There is a text I often refer disputing parents to that helps to illustrate the benefits of staying out of court, Tug of War: A Judge’s Verdict on Separation, Custody Battles, and the Bitter Realities of Family Court by Ontario Justice Mr. Harvey Brownstone. Brownstone has been a judge in family court for numerous years and has amassed plenty of wisdom in the process. If you’re looking to learn more about the family court process his book is a fantastic resource.
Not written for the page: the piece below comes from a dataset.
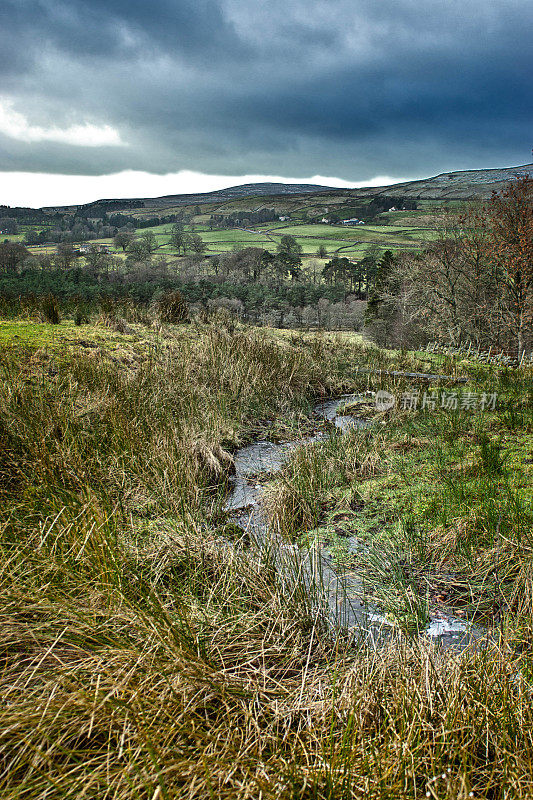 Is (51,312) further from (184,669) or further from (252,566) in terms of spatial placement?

Why, you ask? To summarize, I’ve pulled 3 crucial reasons from the book that Brownstone gives on the topic:
1. Lawyer’s Fees are More Expensive than Family Mediation
This should be a no-brainer because lawyers spend a great deal of time learning the ins and outs of the law and are able to charge a great deal of money for their services as a result. Taking a parental dispute to court takes time, especially if the dispute makes it to trial. That added financial stress is not beneficial to any dispute resolution, not to mention that you may be on the hook for some of your ex-partner’s legal fees if the legal decision made paints them as the “winner” of the dispute. If possible, it is smarter for individuals to seek help through family mediation instead of going to court.
2. Courts Can Be Backlogged with Cases
Courtrooms are busy places. With a backlog of cases on a judge’s plate, it can take between a couple months to a full year to get your case in the judge’s hands. This delay in resolution is harmful not only to you and your ex-partner but to any children caught in the middle during the whole process. Court rulings do not happen overnight.
3. Your “Evidence” May be Inadmissible in Court
A judge may not consider everything you think is “evidence”. The law is chock-full of specific rules and regulations on what may be considered admissible in a court case. If a judge deems your evidence to be irrelevant, such as a character claim that does not directly apply to a parent-child relationship, it may be thrown out. This can be frustrating and requires the help of a lawyer, which again, can raise the cost of the process.
These may seem like common sense reasons to avoid litigation, but in the heat of the moment they can often be missed and further exacerbate an already stressful situation. If you would like to avoid having these happen to you, mediation may be your best alternative. In cases where mediation is possible it is not only cheaper than going to court, but results in resolutions that both parties feel comfortable with; instead of the “winner” mentality of a courtroom!